Plotting CDF of a pandas series in python - python

Is there a way to do this? I cannot seem an easy way to interface pandas series with plotting a CDF.

I believe the functionality you're looking for is in the hist method of a Series object which wraps the hist() function in matplotlib
Here's the relevant documentation
In [10]: import matplotlib.pyplot as plt
In [11]: plt.hist?
...
Plot a histogram.
Compute and draw the histogram of *x*. The return value is a
tuple (*n*, *bins*, *patches*) or ([*n0*, *n1*, ...], *bins*,
[*patches0*, *patches1*,...]) if the input contains multiple
data.
...
cumulative : boolean, optional, default : False
If `True`, then a histogram is computed where each bin gives the
counts in that bin plus all bins for smaller values.
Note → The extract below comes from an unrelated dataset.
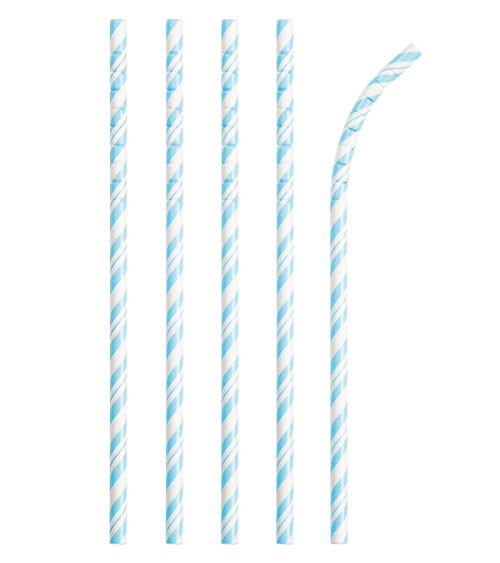 Flexible Papierstrohhalme mit Streifen - hellblau - 24 Stück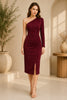 Burgundy One Shoulder Ruched Midi Dress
The last bin
gives the total number of datapoints. If `normed` is also `True`
then the histogram is normalized such that the last bin equals 1.
If `cumulative` evaluates to less than 0 (e.g., -1), the direction
of accumulation is reversed. In this case, if `normed` is also
`True`, then the histogram is normalized such that the first bin
equals 1.
...
For example
In [12]: import pandas as pd
In [13]: import numpy as np
In [14]: ser = pd.Series(np.random.normal(size=1000))
In [15]: ser.hist(cumulative=True, density=1, bins=100)
Out[15]: <matplotlib.axes.AxesSubplot at 0x11469a590>
In [16]: plt.show()

In case you are also interested in the values, not just the plot.
import pandas as pd
# If you are in jupyter
%matplotlib inline
This will always work (discrete and continuous distributions)
# Define your series
s = pd.Series([9, 5, 3, 5, 5, 4, 6, 5, 5, 8, 7], name = 'value')
df = pd.DataFrame(s)
# Get the frequency, PDF and CDF for each value in the series
# Frequency
stats_df = df \
.groupby('value') \
['value'] \
.agg('count') \
.pipe(pd.DataFrame) \
.rename(columns = {'value': 'frequency'})
# PDF
stats_df['pdf'] = stats_df['frequency'] / sum(stats_df['frequency'])
# CDF
stats_df['cdf'] = stats_df['pdf'].cumsum()
stats_df = stats_df.reset_index()
stats_df
# Plot the discrete Probability Mass Function and CDF.
# Technically, the 'pdf label in the legend and the table the should be 'pmf'
# (Probability Mass Function) since the distribution is discrete.
# If you don't have too many values / usually discrete case
stats_df.plot.bar(x = 'value', y = ['pdf', 'cdf'], grid = True)
Alternative example with a sample drawn from a continuous distribution or you have a lot of individual values:
# Define your series
s = pd.Series(np.random.normal(loc = 10, scale = 0.1, size = 1000), name = 'value')
# ... all the same calculation stuff to get the frequency, PDF, CDF
# Plot
stats_df.plot(x = 'value', y = ['pdf', 'cdf'], grid = True)
For continuous distributions only
Please note if it is very reasonable to make the assumption that there is only one occurence of each value in the sample (typically encountered in the case of continuous distributions) then the groupby() + agg('count') is not necessary (since the count is always 1).
In this case, a percent rank can be used to get to the cdf directly.
Use your best judgment when taking this kind of shortcut! :)
# Define your series
s = pd.Series(np.random.normal(loc = 10, scale = 0.1, size = 1000), name = 'value')
df = pd.DataFrame(s)
# Get to the CDF directly
df['cdf'] = df.rank(method = 'average', pct = True)
# Sort and plot
df.sort_values('value').plot(x = 'value', y = 'cdf', grid = True)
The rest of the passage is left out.